Sling TV versus DIRECTV Now
Dish Network (DISH) is facing increasing competition from AT&T’s (T) recently launched DIRECTV Now. DIRECTV Now, AT&T’s over-the-top (or OTT) video streaming service, launched in November 2016 and features over 100 channels. AT&T penetrated this market, which includes Verizon’s (VZ) OTT offering, go90.
Dish talked about AT&T’s DIRECTV Now at the company’s fiscal 3Q16 earnings call. Dish stated that it views the DIRECTV Now service as a “bigger bundle” targeted toward traditional pay-TV subscribers. In contrast, Dish’s Sling TV is more of a skinny bundle that gives more flexibility to its subscribers.
Earlier this year, Dish Network unveiled two packages for Sling TV: Sling Orange and Sling Blue. Sling Orange is a basic single-screen package priced at $20, and Sling Blue is a multi-screen package priced at $25 per month. Sling TV subscribers can buy both Sling Orange and Blue for $40 per month.
The revamped version of Dish’s Sling TV service has given Millennials an option besides SVOD (subscription video on demand) services such as Netflix (NFLX). According to a Digitalsmith 2Q16 video trends report and as the chart above shows, Netflix leads the OTT market with a 54% share, followed by Amazon (AMZN) with 24%.
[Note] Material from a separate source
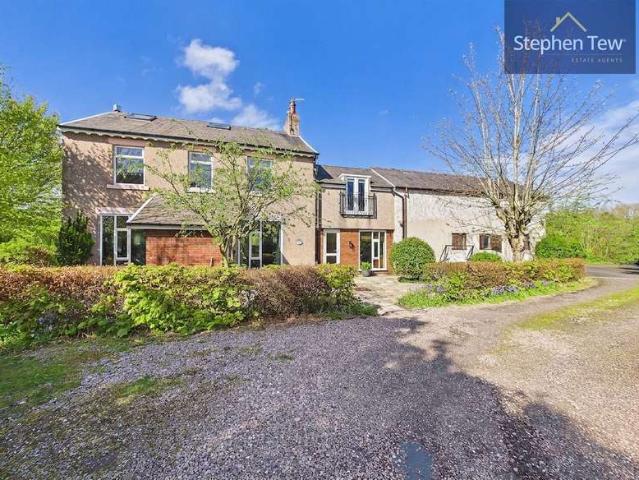 Property for sale in Great Marton Moss, Blackpool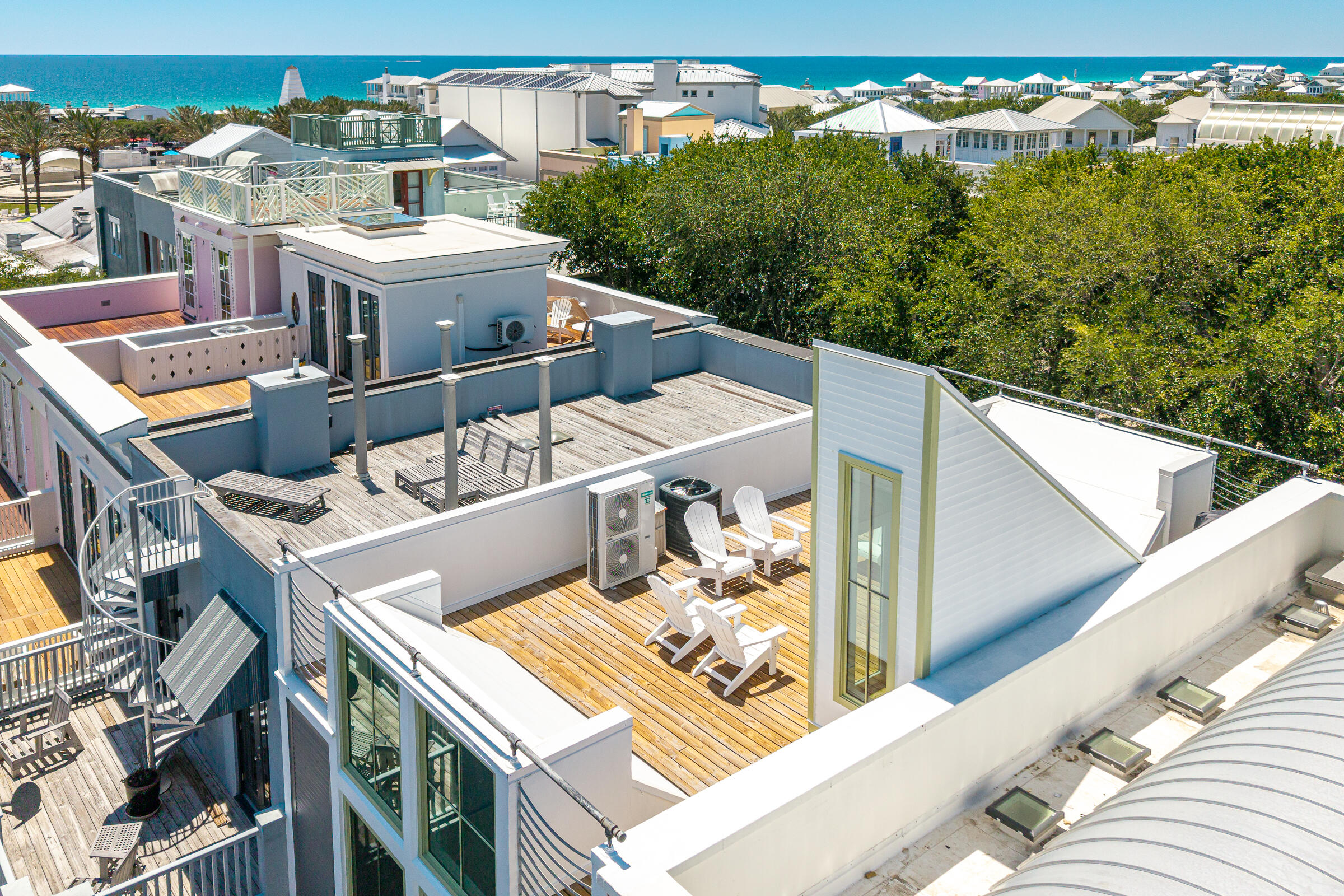SEASIDE 04 - Residential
OTT could be the engine for high EBITDA
Dish Network’s chairman, Charles William Ergen, stated in an earlier earnings call that “OTT has a bright future” and if successful, could very well propel the company to be a “high-growth EBITDA” company. He added that the company views the OTT trend as a “growth opportunity” and it could “grow EBITDA in the linear business, but it would come at the expense of cash flow, so given those choices, we would tend to go more towards cash flow.”